ECB Insight: While Ultimately Unlikely to Give Fragmentation a Pass, Insiders Hate to Even Think About TPI and France

5 July 2024

By David Barwick – FRANKFURT (Econostream) – European Central Bank insiders show great reluctance even to consider a priori the use of the transmission protection instrument (TPI) for the benefit of France, but seem disinclined to tolerate fragmentation, were it to really come to it, based on the views of various Eurosystem insiders who spoke to Econostream recently on the subject.

Introduced by the ECB in July 2022 to safeguard against financial fragmentation, the hope was always that it would be sufficient – without actual use – if the ECB had at its disposal a formal tool for countering increases in the interest rates on euro area member countries’ sovereign debt when such increases were deemed out of line with macroeconomic fundamentals.

This having worked perfectly so far, insiders understandably react decidedly negatively to the idea of the actual use of the TPI in connection with market concerns that the fiscal affairs of the euro area’s second-largest economy, already eyed warily, would further erode in the wake of a rise to power by the right.

Insider one referred back explicitly to the founding principle of deterrence. ‘If the conditions for its use were met, then it would be used, and market participants who assumed otherwise, or at least bet accordingly, would regret it’, he said. ‘But the point is that they realise this, so it will not have to be used.’

However, notwithstanding the conditions formally required for TPI deployment, that person acknowledged that the ECB had a certain amount of policy discretion, suggesting that the ECB would in no case let serious fragmentation go unchallenged.

The thinking of two out of three other insiders largely echoed the latter idea, while all three others rejected TPI deployment based on a mix of ‘not our job’ and ‘nothing to see here’.

‘For now, I don’t see any aspect of the situation that we really need to be concerned about’, insider two said, noting the better-than-expected increase in French GDP in 1Q. It was not the task of the ECB in any event to step into the breach in lieu of democratically elected officials, he insisted.

Pressed on what would happen if market turmoil worsened, insider two would say only that such a situation remained to be seen, with what had transpired so far easily within historical parameters.

‘There is absolutely no basis for the time being to talk about the TPI, which anyway comes with very clear conditions that simply do not correspond to the present situation’, he insisted.

Still, while initially resisting the idea that the ECB would respond to fragmentation in any event, insider two reluctantly conceded that if financial markets really were to fragment, then the ECB would indeed ‘see whether steps by us would be appropriate’.

Insider three said he was not thinking in terms of the TPI, given that ‘nothing unusual has occurred’. That applied to talk of PEPP reinvestments as well, he made clear. ‘There is not even anything there to discuss’, he said. ‘So far, what we’ve seen is mainly just the media speculating rather than substantive developments.’

As for how the ECB would respond to a sudden change in the mood of the market that forced monetary authorities to think harder about France, ‘then you have to see why it has happened’, insider three said.

Insider four said he was not worried about France for the simple reason that monetary policy transmission remained unhampered and there were no obvious reasons to think this would cease to be the case.

There was therefore no room for ECB involvement in general, he said, and mention of the TPI in particular elicited an emphatic denial. ‘We have a full set of tools to deal with it if markets were to become disorderly’, he said. ‘But we are not now in a situation where we could think for a second that these things are actually needed.’

But as in the case of most of his peers, this insider too conceded that in the event of fragmentation, the ECB was ultimately likely to do something.

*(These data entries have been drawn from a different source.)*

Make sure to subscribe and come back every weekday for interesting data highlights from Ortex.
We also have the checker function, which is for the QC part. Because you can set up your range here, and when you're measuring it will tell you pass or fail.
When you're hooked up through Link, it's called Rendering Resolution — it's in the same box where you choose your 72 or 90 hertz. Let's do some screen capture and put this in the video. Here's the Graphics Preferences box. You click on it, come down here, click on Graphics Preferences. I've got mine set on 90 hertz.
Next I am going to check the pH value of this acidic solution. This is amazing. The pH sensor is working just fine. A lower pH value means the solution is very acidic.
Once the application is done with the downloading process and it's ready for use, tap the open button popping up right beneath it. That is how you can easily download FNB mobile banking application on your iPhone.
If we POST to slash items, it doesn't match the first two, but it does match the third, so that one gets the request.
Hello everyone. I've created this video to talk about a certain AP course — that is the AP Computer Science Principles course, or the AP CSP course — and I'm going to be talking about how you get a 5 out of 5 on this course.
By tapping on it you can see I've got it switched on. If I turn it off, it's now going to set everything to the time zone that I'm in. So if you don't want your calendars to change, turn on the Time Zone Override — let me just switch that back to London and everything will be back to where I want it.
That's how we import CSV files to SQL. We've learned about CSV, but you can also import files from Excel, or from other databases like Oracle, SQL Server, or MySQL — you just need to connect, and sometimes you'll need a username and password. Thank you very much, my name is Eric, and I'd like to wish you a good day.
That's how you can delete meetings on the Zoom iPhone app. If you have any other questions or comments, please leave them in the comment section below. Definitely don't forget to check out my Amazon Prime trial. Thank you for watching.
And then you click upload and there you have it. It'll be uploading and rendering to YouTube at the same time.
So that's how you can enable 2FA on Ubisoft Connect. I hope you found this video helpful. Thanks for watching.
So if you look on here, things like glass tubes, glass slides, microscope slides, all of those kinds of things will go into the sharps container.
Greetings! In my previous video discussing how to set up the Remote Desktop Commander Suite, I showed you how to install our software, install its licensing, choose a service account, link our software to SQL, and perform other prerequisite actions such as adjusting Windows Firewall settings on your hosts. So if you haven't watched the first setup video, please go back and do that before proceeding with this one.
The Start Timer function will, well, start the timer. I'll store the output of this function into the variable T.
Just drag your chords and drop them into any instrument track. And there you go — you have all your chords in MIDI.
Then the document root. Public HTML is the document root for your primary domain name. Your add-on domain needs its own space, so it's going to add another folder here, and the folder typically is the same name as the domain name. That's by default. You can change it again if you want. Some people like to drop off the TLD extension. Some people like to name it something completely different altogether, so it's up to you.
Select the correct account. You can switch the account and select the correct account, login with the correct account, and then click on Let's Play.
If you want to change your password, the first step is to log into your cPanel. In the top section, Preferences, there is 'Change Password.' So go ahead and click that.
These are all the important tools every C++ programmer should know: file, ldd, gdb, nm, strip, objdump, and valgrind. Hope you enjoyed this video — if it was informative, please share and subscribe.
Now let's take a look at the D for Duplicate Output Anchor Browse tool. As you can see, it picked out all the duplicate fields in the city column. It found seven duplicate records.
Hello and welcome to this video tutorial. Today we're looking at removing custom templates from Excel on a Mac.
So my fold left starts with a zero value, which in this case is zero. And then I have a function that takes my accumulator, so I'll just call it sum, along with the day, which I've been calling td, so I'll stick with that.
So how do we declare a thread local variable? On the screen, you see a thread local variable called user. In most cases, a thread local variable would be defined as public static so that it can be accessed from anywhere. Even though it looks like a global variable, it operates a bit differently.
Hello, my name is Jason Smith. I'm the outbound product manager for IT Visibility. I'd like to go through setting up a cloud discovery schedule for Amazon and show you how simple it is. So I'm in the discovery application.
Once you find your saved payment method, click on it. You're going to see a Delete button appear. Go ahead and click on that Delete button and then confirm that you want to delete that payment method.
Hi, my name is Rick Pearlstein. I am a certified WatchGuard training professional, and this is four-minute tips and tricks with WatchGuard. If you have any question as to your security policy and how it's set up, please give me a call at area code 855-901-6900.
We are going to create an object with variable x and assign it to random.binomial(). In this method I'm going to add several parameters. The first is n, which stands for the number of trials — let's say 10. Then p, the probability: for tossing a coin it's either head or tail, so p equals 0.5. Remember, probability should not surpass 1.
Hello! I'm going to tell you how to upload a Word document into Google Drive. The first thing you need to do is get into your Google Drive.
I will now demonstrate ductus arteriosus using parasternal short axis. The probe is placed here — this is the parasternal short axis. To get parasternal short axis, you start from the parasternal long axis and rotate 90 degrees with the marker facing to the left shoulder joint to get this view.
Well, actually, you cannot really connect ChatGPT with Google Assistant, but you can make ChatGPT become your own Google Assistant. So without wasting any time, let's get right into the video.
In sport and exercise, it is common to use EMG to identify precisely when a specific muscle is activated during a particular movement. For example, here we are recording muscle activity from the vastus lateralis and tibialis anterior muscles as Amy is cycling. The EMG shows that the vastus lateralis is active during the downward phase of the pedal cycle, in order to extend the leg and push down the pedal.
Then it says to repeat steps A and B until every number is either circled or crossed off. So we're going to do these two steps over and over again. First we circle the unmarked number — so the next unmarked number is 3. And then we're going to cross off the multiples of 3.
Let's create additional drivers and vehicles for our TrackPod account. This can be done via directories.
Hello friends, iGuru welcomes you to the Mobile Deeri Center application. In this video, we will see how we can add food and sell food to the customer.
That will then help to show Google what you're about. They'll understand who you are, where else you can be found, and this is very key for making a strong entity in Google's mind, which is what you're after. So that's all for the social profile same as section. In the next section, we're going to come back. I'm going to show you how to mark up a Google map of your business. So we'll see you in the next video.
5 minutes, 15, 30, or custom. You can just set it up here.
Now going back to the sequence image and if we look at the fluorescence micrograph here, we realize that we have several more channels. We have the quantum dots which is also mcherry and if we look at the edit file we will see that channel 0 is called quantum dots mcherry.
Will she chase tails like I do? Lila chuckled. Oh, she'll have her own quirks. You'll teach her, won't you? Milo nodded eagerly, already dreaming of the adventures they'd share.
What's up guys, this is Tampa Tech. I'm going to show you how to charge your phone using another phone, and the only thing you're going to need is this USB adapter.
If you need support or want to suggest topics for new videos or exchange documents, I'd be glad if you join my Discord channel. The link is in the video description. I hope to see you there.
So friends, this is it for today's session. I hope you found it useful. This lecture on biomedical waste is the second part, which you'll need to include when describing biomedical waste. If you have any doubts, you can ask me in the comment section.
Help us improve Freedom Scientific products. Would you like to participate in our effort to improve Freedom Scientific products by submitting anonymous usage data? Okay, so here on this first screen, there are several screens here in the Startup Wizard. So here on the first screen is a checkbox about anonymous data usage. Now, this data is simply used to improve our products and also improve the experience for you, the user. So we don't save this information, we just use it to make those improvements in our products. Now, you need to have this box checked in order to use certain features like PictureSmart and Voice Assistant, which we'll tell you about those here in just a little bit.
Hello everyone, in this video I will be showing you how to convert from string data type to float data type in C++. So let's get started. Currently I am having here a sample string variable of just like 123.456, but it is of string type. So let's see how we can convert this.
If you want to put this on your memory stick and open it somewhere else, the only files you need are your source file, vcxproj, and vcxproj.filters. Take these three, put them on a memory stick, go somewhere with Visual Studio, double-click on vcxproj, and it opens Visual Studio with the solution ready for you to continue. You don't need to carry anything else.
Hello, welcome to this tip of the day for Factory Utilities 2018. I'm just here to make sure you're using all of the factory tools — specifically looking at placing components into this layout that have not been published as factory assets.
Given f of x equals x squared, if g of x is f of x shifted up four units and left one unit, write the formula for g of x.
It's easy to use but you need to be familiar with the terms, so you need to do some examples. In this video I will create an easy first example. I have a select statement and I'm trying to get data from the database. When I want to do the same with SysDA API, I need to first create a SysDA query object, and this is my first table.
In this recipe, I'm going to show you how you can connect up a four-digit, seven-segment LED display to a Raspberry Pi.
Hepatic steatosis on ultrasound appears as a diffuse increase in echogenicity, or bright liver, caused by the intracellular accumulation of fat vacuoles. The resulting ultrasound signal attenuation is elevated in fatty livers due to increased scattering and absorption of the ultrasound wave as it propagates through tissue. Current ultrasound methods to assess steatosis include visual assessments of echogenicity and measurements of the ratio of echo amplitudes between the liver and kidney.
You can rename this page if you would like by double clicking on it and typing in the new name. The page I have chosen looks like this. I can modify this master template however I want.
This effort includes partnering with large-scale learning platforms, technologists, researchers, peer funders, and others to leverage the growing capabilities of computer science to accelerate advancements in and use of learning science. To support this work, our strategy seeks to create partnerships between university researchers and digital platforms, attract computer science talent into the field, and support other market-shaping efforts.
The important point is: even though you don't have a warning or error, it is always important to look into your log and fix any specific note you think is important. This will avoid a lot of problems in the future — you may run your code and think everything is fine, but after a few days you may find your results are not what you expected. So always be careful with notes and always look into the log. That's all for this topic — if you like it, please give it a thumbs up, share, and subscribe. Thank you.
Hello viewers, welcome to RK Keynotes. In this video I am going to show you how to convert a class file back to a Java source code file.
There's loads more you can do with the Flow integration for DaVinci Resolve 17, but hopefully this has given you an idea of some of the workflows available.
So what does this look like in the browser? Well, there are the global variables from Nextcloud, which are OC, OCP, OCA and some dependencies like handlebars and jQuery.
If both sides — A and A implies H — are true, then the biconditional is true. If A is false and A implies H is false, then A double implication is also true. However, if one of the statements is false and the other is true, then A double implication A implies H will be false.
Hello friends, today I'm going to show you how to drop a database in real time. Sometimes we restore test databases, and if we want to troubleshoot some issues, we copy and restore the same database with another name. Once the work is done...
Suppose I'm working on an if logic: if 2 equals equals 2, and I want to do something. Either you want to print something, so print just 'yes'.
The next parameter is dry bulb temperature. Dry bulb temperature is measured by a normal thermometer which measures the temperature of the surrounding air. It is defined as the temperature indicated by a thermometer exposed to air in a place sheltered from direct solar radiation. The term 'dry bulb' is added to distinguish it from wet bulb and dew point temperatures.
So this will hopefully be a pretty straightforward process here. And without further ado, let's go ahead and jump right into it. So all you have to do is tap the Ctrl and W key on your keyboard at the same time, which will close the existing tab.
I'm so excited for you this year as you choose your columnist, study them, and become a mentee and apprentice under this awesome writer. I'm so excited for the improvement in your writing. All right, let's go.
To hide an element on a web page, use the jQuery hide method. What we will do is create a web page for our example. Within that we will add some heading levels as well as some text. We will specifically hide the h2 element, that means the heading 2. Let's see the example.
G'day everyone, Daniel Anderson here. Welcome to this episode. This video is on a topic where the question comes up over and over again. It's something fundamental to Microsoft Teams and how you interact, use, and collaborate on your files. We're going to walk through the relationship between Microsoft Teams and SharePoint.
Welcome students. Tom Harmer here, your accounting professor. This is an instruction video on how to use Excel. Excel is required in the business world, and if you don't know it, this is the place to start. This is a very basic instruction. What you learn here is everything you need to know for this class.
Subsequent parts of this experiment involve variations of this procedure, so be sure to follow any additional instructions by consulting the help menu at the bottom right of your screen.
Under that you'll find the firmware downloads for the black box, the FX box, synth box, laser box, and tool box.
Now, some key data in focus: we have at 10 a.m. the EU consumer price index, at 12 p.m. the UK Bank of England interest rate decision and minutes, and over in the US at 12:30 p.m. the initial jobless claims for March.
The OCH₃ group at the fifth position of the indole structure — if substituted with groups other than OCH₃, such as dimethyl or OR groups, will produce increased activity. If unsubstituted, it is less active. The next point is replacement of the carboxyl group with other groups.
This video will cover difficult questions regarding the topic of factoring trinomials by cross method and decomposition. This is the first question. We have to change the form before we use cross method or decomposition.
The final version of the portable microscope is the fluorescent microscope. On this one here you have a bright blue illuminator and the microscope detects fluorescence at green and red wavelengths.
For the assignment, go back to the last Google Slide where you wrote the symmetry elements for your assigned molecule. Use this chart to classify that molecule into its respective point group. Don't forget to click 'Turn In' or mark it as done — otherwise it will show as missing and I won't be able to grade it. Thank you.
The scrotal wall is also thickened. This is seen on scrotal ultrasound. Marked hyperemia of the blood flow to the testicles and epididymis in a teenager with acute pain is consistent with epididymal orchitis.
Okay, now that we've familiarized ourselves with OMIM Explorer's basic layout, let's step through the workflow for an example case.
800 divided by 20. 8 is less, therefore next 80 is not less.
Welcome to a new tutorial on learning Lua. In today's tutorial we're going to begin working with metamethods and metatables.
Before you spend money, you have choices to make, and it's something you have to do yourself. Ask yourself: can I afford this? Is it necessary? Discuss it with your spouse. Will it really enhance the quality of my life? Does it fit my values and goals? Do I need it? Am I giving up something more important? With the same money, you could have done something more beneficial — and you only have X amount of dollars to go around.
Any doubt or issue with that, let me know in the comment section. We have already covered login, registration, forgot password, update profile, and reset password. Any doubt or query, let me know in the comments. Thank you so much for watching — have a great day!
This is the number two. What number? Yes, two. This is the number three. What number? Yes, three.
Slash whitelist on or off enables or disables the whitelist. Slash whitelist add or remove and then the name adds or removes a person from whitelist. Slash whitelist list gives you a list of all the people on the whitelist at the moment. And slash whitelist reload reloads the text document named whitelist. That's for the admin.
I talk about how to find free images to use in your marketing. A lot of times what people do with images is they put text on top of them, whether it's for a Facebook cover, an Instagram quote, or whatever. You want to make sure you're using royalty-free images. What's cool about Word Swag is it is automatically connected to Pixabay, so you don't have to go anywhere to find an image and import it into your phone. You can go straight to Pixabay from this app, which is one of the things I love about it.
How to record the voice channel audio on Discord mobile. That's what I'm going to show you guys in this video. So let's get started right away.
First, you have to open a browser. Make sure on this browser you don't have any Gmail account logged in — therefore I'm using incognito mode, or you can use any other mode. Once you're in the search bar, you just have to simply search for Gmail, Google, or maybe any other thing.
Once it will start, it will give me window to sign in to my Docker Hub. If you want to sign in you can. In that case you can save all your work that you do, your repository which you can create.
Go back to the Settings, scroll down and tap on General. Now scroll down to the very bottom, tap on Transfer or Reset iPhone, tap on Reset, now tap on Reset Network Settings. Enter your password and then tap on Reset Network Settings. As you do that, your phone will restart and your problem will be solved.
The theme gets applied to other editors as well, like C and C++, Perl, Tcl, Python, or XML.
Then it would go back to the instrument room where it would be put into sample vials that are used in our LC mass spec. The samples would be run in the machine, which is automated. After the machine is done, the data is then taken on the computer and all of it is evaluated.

PEPP reinvestments were an unlikely candidate, he said, given their limited remaining life.

Of the above insiders, one suggested that the France’s National Rally had modified its platform in a way that could assuage initial financial market concerns, as the changes indicated a healthy understanding on the party’s part that its initial proposals would have led to disaster.

One of the other insiders, noting that a hung parliament seemed the most probable outcome of the second round of elections, slated for this Sunday, suggested that this could work to the country’s fiscal benefit, as it would make an ambitious increase in the budget less likely.